Oct 25 2008
Computer scientists and engineers -- and one neurophysiologist -- met at Cornell Oct. 12-14 for a Symposium on Computing Challenges sponsored by the Kavli Institute at Cornell for Nanoscale Science. It was probably something like what happened when scientists got together in 1980 to discuss ways of going to Mars. The meeting was a brainstorming session, where participants, including many Cornell students, threw out ideas ranging from obvious to fanciful for the future of hardware and software design.
According to Sandip Tiwari, Cornell the Charles N. Mellowes Professor in Engineering and director of the National Nanotechnology Infrastructure Network (NNIN), who organized the symposium, the challenge is that we are approaching what might be a "gotcha" in Moore's law, which says that the number of devices we can cram onto a chip will continue to increase exponentially. Soon we may be able to get a trillion devices, some as small as 30 atoms across, on a postage-stamp-sized piece of silicon. But they can't all operate at once without generating too much heat, Tiwari pointed out, and such small devices may behave differently from one instant to the next, or even intermittently fail. How do we design such devices and create software that can work with them?
"For 30 or 40 years hardware and software development have been largely separated," said Cornell computer science professor Bart Selman. "Maybe computer scientists and hardware engineers have to get back together."
Discussion was stimulated by invited talks on cutting-edge research in such areas as quantum computing, where the states of individual atoms or even individual subatomic particles represent the ones and zeros of binary arithmetic; adaptive computing, where hardware adjusts to the sort of problem it's given; or approximate computing, where you take an "acceptable" answer to a complex problem in order to solve it in reasonable time. Most of this is well in the future, speakers said. Quantum computing, for example, is 99 percent reliable, but it needs to be made 99.999 percent reliable, according to Hans Mooij of the Technical University at Delft, The Netherlands.
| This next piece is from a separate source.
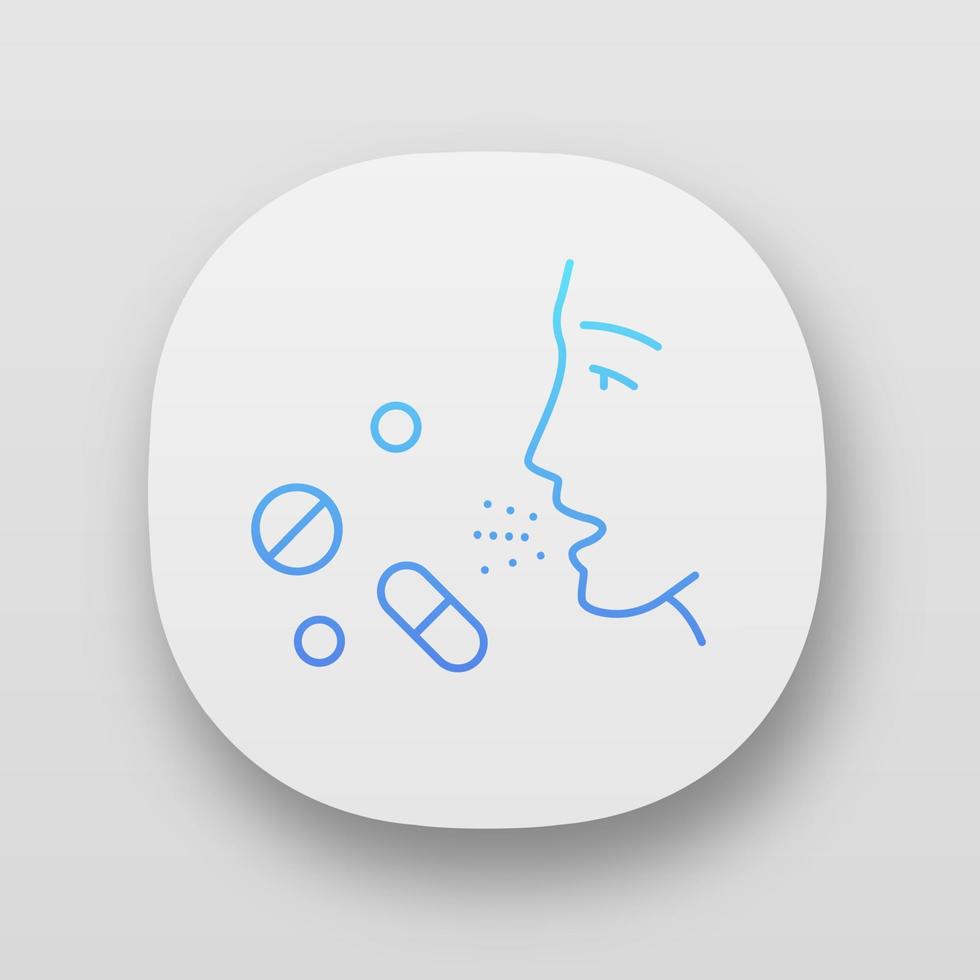 Drug allergies app icon vector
In a provocative kickoff, Olaf Sporns, professor of psychology at Indiana University, Bloomington, described the architecture of the human brain. Using magnetic resonance imaging, he explained, neurophysiologists are mapping the brain's "white matter" -- the fibers that connect neurons -- and have found that many small interconnected clusters of activity are in turn connected to one another in what Cornell's Steven Strogatz, the Jacob Gould Schurman Professor of Theoretical and Applied Mechanics, has dubbed a "small-world network." Just as anyone in the United States is an average of "six degrees of separation" from anyone else, each node of the brain is only two or three steps away from any other.
Symposium participants saw parallels in the structure of "combinatorial" problems, where a computer has to find the best combination of many different, interrelated variables, and in maps of the Internet created by Cornell computer scientist Jon Kleinberg, who spoke on the third day of the meeting. It's important to consider such ideas, Tiwari said, because the brain is probably the most efficient computer around in terms of energy use.
What participants took home was a collection of ideas to try, mostly to be applied to such high-level computing problems as managing world finance, predicting the weather or programming self-driving vehicles. We don't need this stuff to run Windows.